Sullivan, whose appointment to the position was announced Monday, will take over the post from current public editor Arthur Brisbane on Sept. 1, 2012.
Brisbane drew criticism for a January 12 report in which he posed the question, “Should the Times Be a Truth Vigilante?” In his piece, he said he was “looking for reader input on whether and when New York Times news reporters should challenge 'facts' that are asserted by newsmakers they write about.” As Adam Clark Estes observed at The Atlantic Wire, “The immediate answer, everyone we follow [on Twitter] seemed to agree, was a resounding YES.”

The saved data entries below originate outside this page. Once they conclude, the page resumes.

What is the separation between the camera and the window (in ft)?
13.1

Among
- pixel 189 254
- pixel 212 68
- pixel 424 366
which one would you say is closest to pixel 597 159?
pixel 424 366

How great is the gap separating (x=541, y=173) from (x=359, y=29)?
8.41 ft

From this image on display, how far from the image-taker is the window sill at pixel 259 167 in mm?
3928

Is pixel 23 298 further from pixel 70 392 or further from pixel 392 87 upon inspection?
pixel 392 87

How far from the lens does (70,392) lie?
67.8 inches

In a follow-up post, Brisbane said he had been misunderstood, and that his “inquiry related to whether The Times, in the text of news columns, should more aggressively rebut 'facts' that are offered by newsmakers when those 'facts' are in question.” He added, “I consider this a difficult question, not an obvious one.” Responding to his original post, Times executive editor Jill Abramson wrote that "[t]he kind of rigorous fact-checking and truth-testing you describe is a fundamental part of our job as journalists" and that "[w]e do it every day, in a variety of ways."
In an interview with Media Matters, Sullivan, currently editor of The Buffalo News, said she agrees with the contention that newspapers must challenge facts presented by sources or news subjects if they are found to be in dispute, a position she said put her in step with both her predecessor and Abramson.

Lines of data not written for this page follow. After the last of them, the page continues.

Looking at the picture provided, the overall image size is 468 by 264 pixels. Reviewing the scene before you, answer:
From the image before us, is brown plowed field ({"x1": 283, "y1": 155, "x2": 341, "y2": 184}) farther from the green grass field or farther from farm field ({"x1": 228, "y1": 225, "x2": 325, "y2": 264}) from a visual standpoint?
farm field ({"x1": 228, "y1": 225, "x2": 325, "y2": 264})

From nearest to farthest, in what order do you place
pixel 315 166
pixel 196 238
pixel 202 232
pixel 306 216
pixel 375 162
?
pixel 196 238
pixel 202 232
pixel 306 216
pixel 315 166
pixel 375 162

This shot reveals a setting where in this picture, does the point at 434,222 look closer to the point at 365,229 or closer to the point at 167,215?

“I think that possibly what came out of that was that we all know and Arthur Brisbane knows and Jill Abramson knows and every one of us knows that newspapers must be truth vigilantes and there never really was any question about that I don't think,” she said Monday. “Certainly that's a value that we all share and that's not really in question. It's a clear part of our mission, to ferret out the truth. What else are we here for?”
Asked Monday if accepting answers from subjects and sources at face value is not enough, Sullivan added:
“For any newspaper, for any news organization, I don't think it's nearly enough, we have to be much more searching. I think that challenging facts and getting to the bottom of statements is central to the mission of journalism. To me, it's a very clear cut kind of thing.”

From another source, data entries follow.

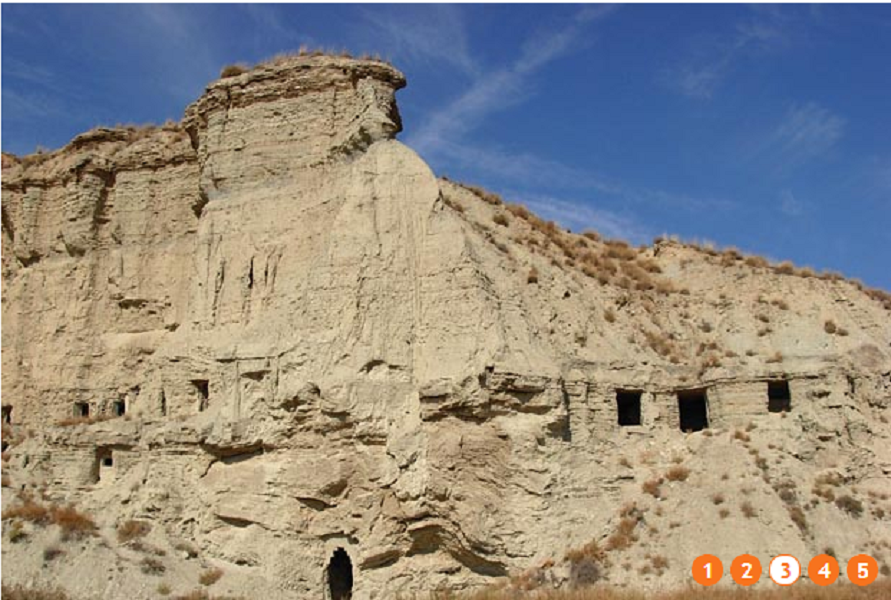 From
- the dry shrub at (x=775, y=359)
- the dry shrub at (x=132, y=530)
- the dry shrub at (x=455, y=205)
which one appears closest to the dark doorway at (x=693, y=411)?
the dry shrub at (x=775, y=359)

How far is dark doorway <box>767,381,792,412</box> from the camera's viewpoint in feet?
78.7

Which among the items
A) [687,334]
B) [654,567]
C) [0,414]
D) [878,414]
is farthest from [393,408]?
[0,414]

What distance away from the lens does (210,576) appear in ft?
69.3

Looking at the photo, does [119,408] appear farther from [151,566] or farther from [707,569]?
[707,569]

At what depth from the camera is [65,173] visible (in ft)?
96.7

Sullivan, 55, comes to the Times post after 13 years as editor of The Buffalo News and an employee of that paper since 1980.
On how she plans to approach the job -- and perhaps differently from her four predecessors -- Sullivan said, “I think that ... the difference is that we live in a very different era right now. It has changed a whole lot in just the past couple of years.”
“We are so immersed in digital culture and the Public Editor's role needs to respond to that. I see this as a way of aggregating the comment and criticism and discussion that's out there into a probably daily or close to daily blog, getting reader comment going in a real time basis and have a true sort of ongoing online conversation with the Times readers about the New York Times,” she added.
Sullivan also said she does not want to “forego the print aspect of it” and will still write a twice-monthly print column in the Sunday Review section.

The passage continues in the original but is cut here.